The hero of the movie is Father Jud (played by Josh O’Connor), a good man trying to do the right thing, which causes him to clash with his parish’s demagogue, Monsignor Wicks (Josh Brolin). When Wicks is murdered under seemingly impossible circumstances, and then appears to rise from the grave, Father Jud is at the center of both events. But Knives Out series detective Benoit Blanc (Daniel Craig) doesn’t believe all is as it appears, and is determined to clear Father Jud from suspicion.
Rian Johnson has widely talked about his love of Golden Age mysteries, and of John Dickson Carr specifically. He even wrote the introduction to a new edition of Carr’s The Problem of the Wire Cage, reissued in 2024 (you can read an excerpt of that introduction here, courtesy of Crimereads).
Wake Up Dead Man is a mystery with two impossible crimes. First, an impossible murder in a small room of a church while a closed circle of characters are nearby, but none of them close enough to commit the crime. Second, the dead man walks out of the crypt in which he was entombed. Both crimes are ingeniously set up, and screenwriter and director Rian Johnson sets out to solve the crimes much as John Dickson Carr would have done.
Carr’s most famous novel, The Three Coffins (published in the UK as The Hollow Man), features a “Locked Room Lecture.” Character Dr. Fell describes eight methods that can be used to commit a locked room murder. Within those eight general types are endless variations, which is why the puzzles continue to baffle modern readers and be so much fun.
Benoit Blanc and the town’s police chief Geraldine Scott (Mila Kunis) turn to Carr’s “Locked Room Lecture” to solve the crimes.
Blanc gives his own mini lecture on locked-room methods (just like my character Ivy Youngblood does in my locked-room mystery Under Lock & Skeleton Key), and proves that even if you understand the possibilities, it’s still a challenge to see what’s right in front of you.
Interestingly, the film uses the book’s UK title, The Hollow Man, a nod to the main murder victim of the film.

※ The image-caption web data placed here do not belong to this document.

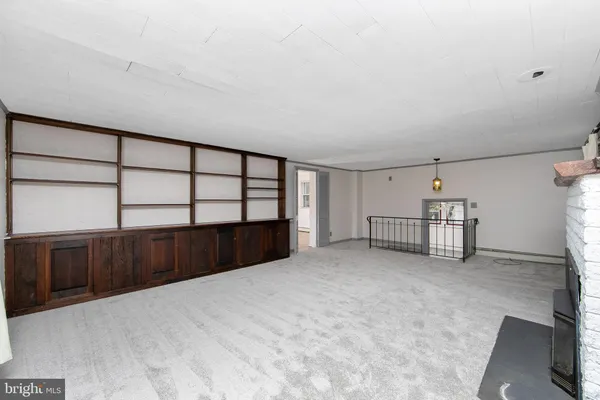 a view of a livingroom with furniture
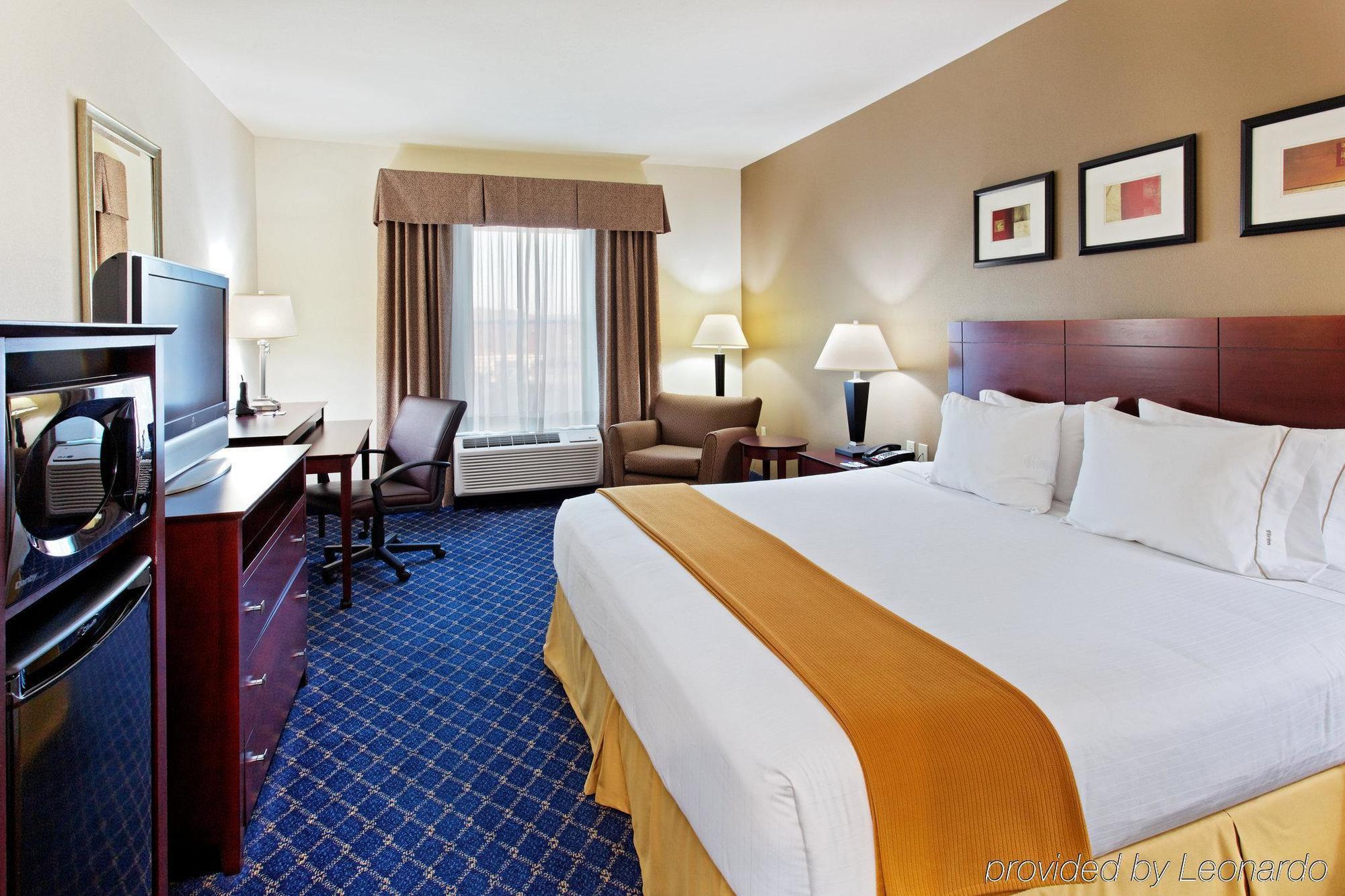 Hotel Express & By Ihg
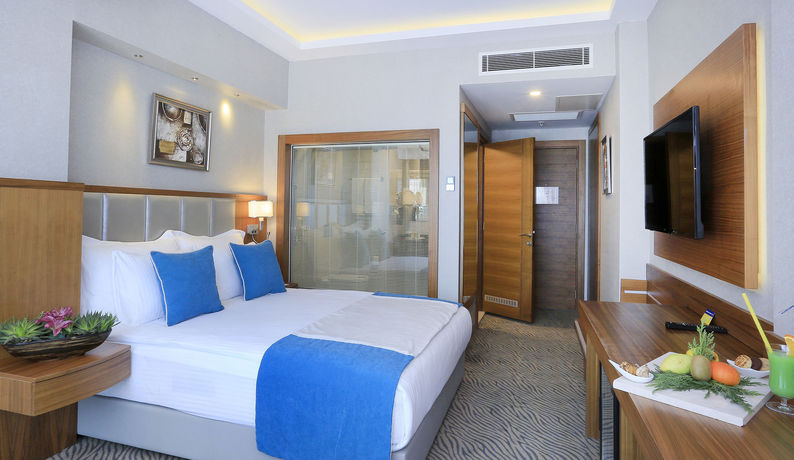 Imagen del bar/restaurante del Hotel Best Western Premier Karsiyaka Convention and Spa. Foto 3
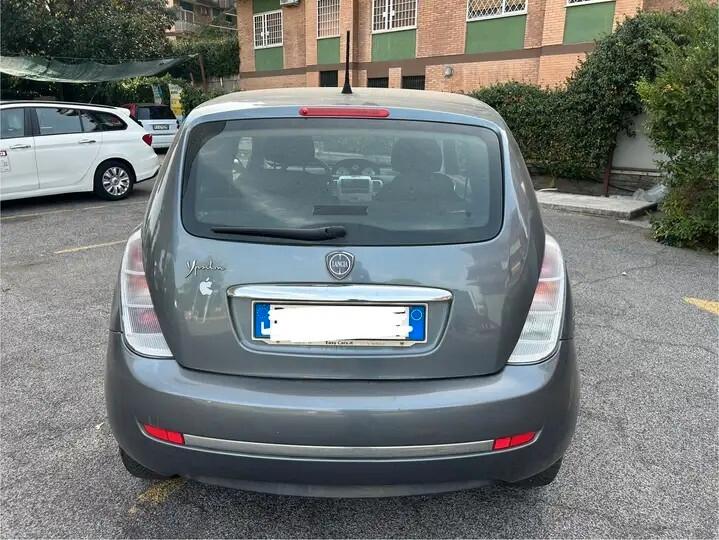 Lancia Ypsilon 1.2 Argento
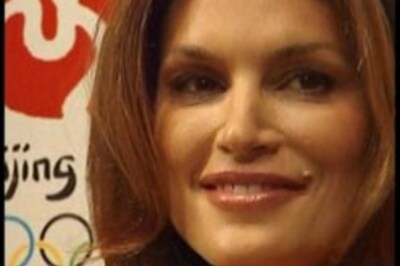 Cindy Crawford visits Beijng to cheer US team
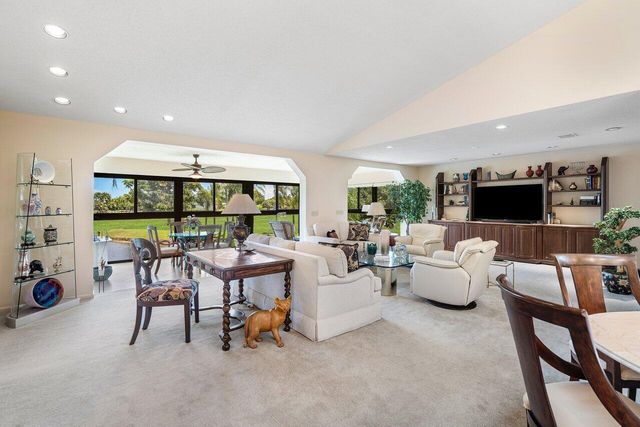 69 Eastgate Drive Unit D, Boynton Beach, FL 33436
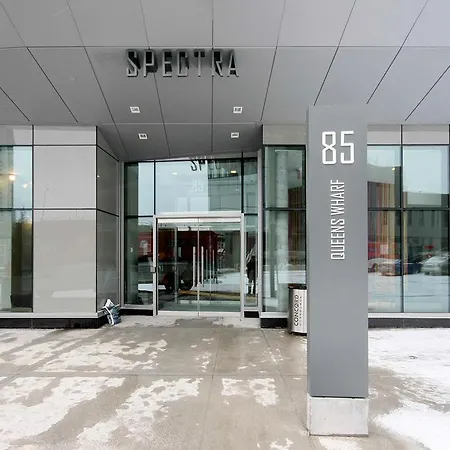 Bright 2 Bed Lakeview Suite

Blanc also refers to the crime as a “locked door” murder, perhaps because it’s easier to understand for a broader audience.
I hope Wake Up Dead Man brings a new generation of readers to John Dickson Carr!
With my beaten-up copy of John Dickson Carr’s The Three Coffins (published as The Hollow Man in the UK).
I’ll end with my favorite part of the movie. When sheriff Geraldine brings up why I continue to be drawn to atmospheric locked-room mysteries: The best locked-room mysteries are Scooby-Doo for adults. As Carr and other authors who write a gothic backdrop into their impossible crime tales do so well, they make us think we’re getting a ghost story—until they unmask the ghost at the end.
After the dead man has risen from his coffin, Sheriff Geraldine says, “There’s some Scooby‑Doo [stuff] going on here,” to which Blanc replies, pitch perfect, “Scooby-dooby-doo!”
When my locked-room mystery Under Lock & Skeleton Key was published in 2022, Publishers Weekly interviewed me on a range of topics including my love of locked-room mysteries. When the feature was published, the title was “Scooby-Doo for Grown-Ups” — a great honor!